INFORMATION SHOWN:
______________________________
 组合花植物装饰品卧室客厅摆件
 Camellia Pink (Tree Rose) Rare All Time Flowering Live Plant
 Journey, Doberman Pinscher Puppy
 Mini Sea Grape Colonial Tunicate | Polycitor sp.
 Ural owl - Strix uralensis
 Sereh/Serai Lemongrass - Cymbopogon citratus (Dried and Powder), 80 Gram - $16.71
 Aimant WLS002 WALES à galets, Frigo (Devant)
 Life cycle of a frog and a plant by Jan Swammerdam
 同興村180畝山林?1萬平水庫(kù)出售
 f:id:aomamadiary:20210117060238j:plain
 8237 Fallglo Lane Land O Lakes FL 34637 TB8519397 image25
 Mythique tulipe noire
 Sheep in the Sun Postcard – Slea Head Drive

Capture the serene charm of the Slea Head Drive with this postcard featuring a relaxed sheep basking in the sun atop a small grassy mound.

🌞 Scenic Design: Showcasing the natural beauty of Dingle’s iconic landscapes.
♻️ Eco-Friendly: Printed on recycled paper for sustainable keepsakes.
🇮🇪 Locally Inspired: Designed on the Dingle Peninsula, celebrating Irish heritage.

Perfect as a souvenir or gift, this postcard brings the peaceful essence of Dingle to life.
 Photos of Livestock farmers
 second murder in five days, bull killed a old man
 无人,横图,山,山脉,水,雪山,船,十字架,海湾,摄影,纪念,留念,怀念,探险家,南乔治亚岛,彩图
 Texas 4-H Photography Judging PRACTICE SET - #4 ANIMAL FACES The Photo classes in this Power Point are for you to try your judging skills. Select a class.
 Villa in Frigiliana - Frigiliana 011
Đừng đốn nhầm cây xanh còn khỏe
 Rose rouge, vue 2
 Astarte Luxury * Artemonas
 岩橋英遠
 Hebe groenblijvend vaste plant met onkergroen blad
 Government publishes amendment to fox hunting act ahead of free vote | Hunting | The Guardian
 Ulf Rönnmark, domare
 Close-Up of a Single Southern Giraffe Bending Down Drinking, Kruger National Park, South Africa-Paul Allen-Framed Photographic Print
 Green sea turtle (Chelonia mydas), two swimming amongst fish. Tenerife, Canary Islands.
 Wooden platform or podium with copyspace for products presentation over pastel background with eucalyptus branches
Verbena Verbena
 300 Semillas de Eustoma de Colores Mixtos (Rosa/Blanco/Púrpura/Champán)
______________________________
YOUR OBJECTIVE:
What is needed is a verbatim copy of every line in the records above from the one containing "Aimant WLS002 WALES à galets, Frigo (Devant)" down to the one containing "无人,横图,山,山脉,水,雪", both included, and nothing more.

SOLUTION BELOW:
 Aimant WLS002 WALES à galets, Frigo (Devant)
 Life cycle of a frog and a plant by Jan Swammerdam
 同興村180畝山林?1萬平水庫(kù)出售
 f:id:aomamadiary:20210117060238j:plain
 8237 Fallglo Lane Land O Lakes FL 34637 TB8519397 image25
 Mythique tulipe noire
 Sheep in the Sun Postcard – Slea Head Drive

Capture the serene charm of the Slea Head Drive with this postcard featuring a relaxed sheep basking in the sun atop a small grassy mound.

🌞 Scenic Design: Showcasing the natural beauty of Dingle’s iconic landscapes.
♻️ Eco-Friendly: Printed on recycled paper for sustainable keepsakes.
🇮🇪 Locally Inspired: Designed on the Dingle Peninsula, celebrating Irish heritage.

Perfect as a souvenir or gift, this postcard brings the peaceful essence of Dingle to life.
 Photos of Livestock farmers
 second murder in five days, bull killed a old man
 无人,横图,山,山脉,水,雪山,船,十字架,海湾,摄影,纪念,留念,怀念,探险家,南乔治亚岛,彩图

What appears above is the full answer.